▶
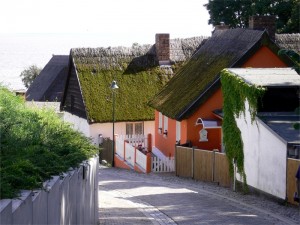 steile Dorfstraße in Kamminke hinunter zum Haff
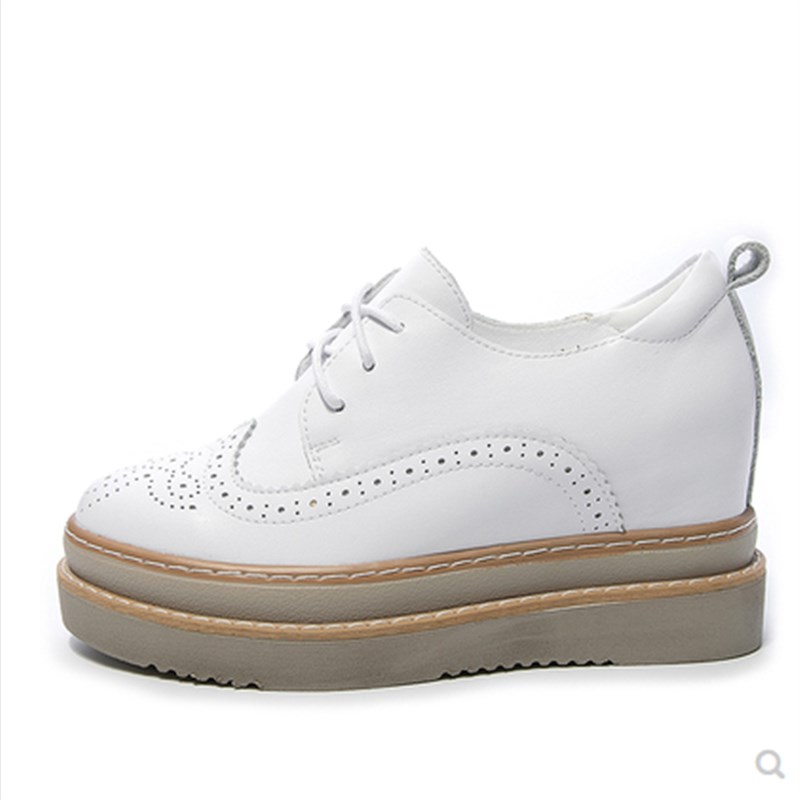 香港内增高小白鞋女2023秋季新款松糕厚底韩版高跟英伦风女鞋8cm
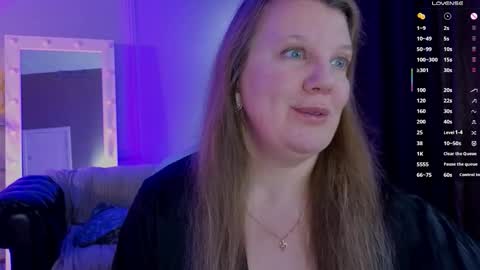 Snapshot of anna_bones chatting on September 2025 10:06:02 AM Anna online show from September 2025 10:06:02 AM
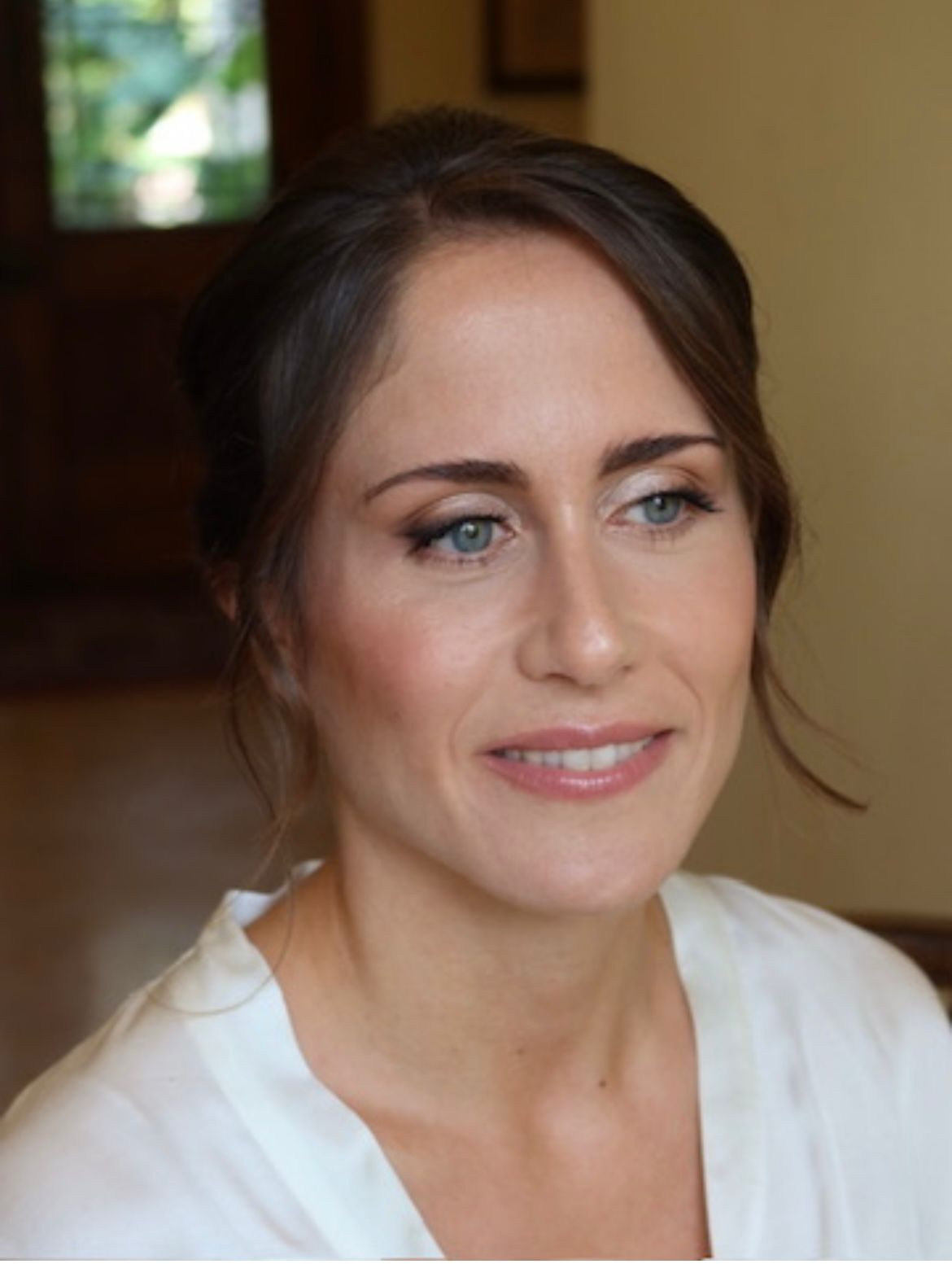 Maquillaje a domicilio Barcelona realizado por Jennifer maquilladora profesional para novia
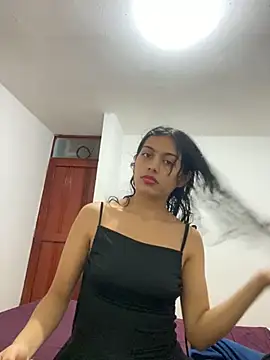 Nezuko-uWux online show from 09.13.25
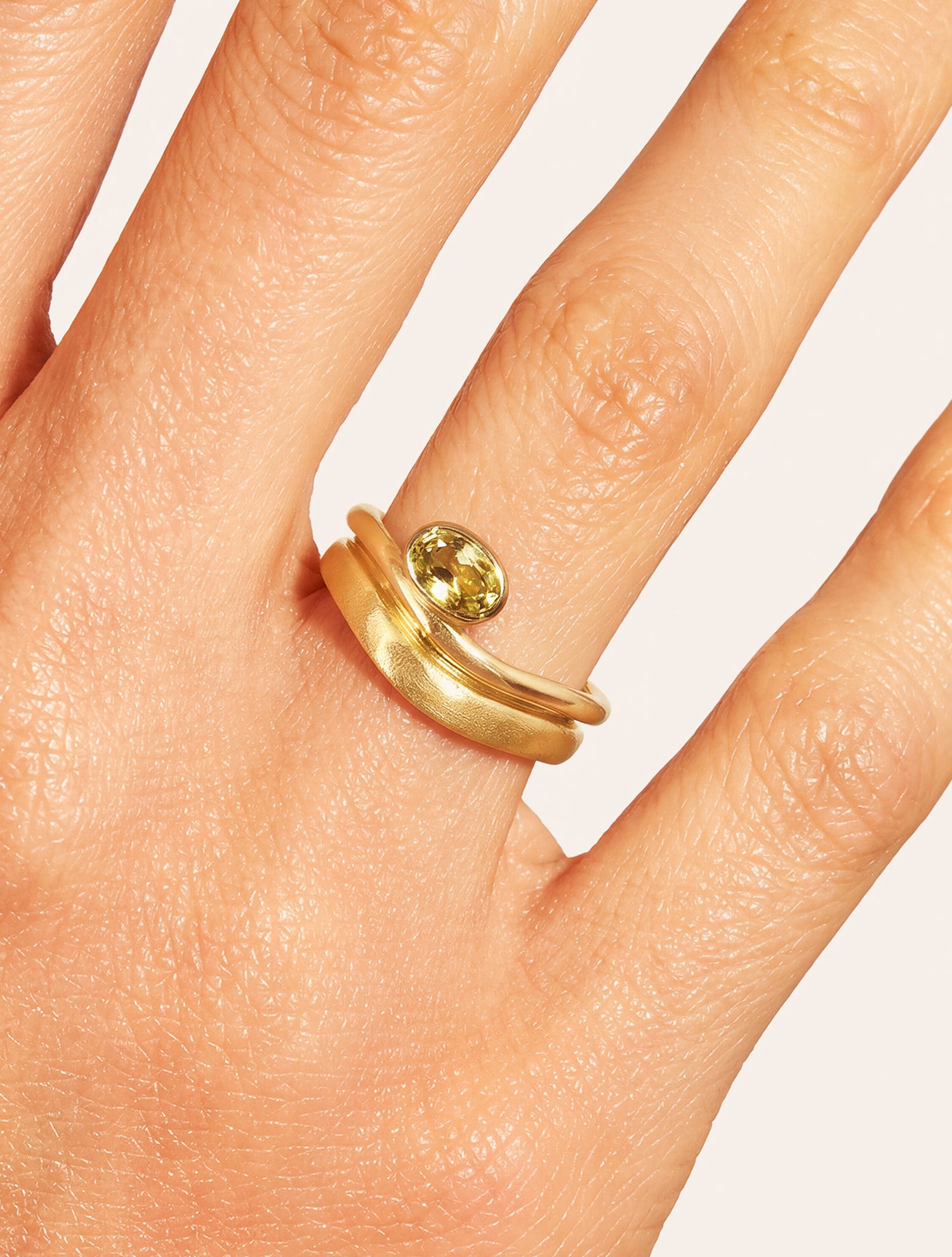 Bague vague - quartz coloré vert clair - Riviera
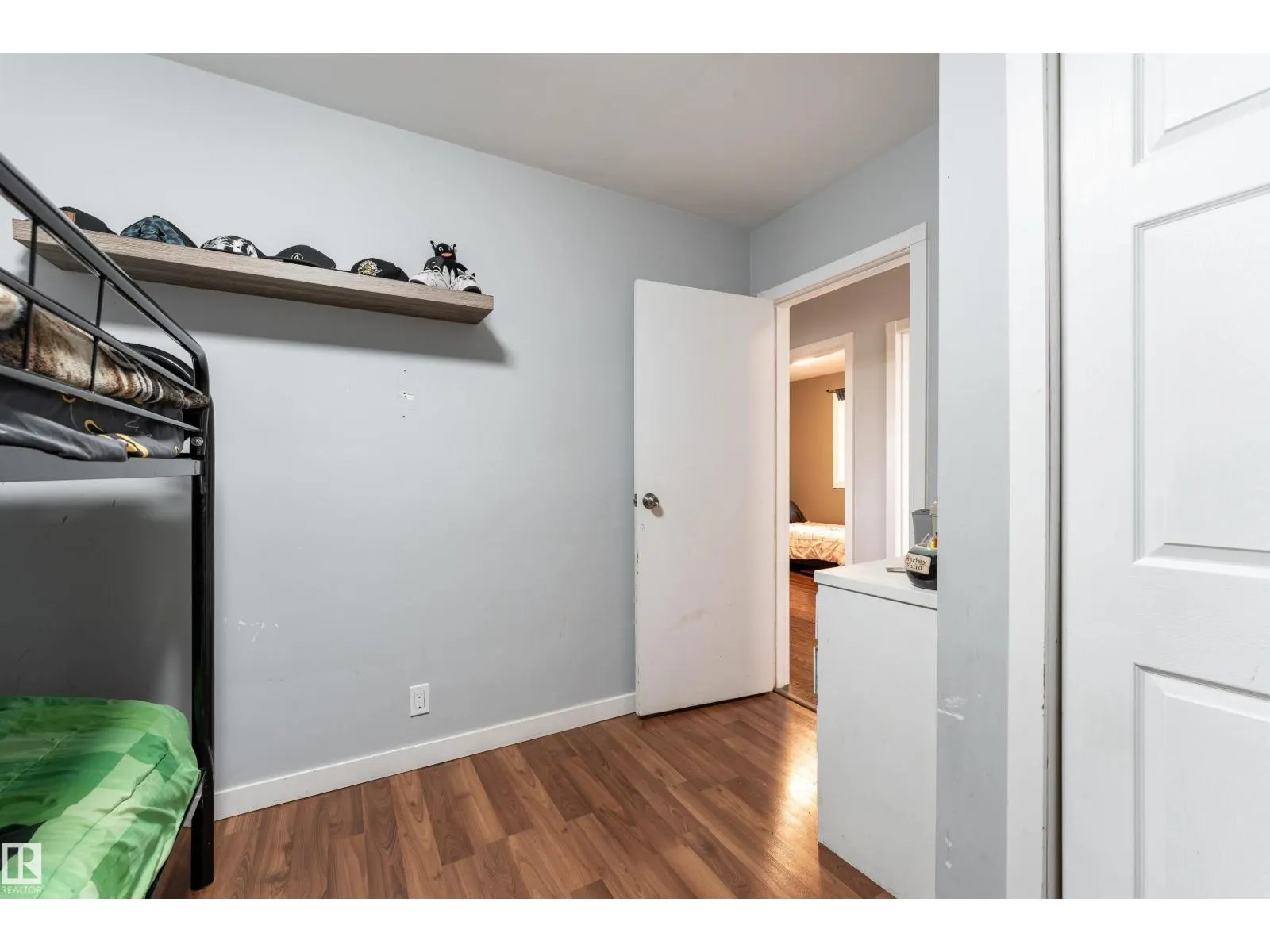 12316 140 ST NW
◀
A faithful, word-for-word copy of the records above, pictures left out, is the answer.

 steile Dorfstraße in Kamminke hinunter zum Haff
 香港内增高小白鞋女2023秋季新款松糕厚底韩版高跟英伦风女鞋8cm
 Snapshot of anna_bones chatting on September 2025 10:06:02 AM Anna online show from September 2025 10:06:02 AM
 Maquillaje a domicilio Barcelona realizado por Jennifer maquilladora profesional para novia
 Nezuko-uWux online show from 09.13.25
 Bague vague - quartz coloré vert clair - Riviera
 12316 140 ST NW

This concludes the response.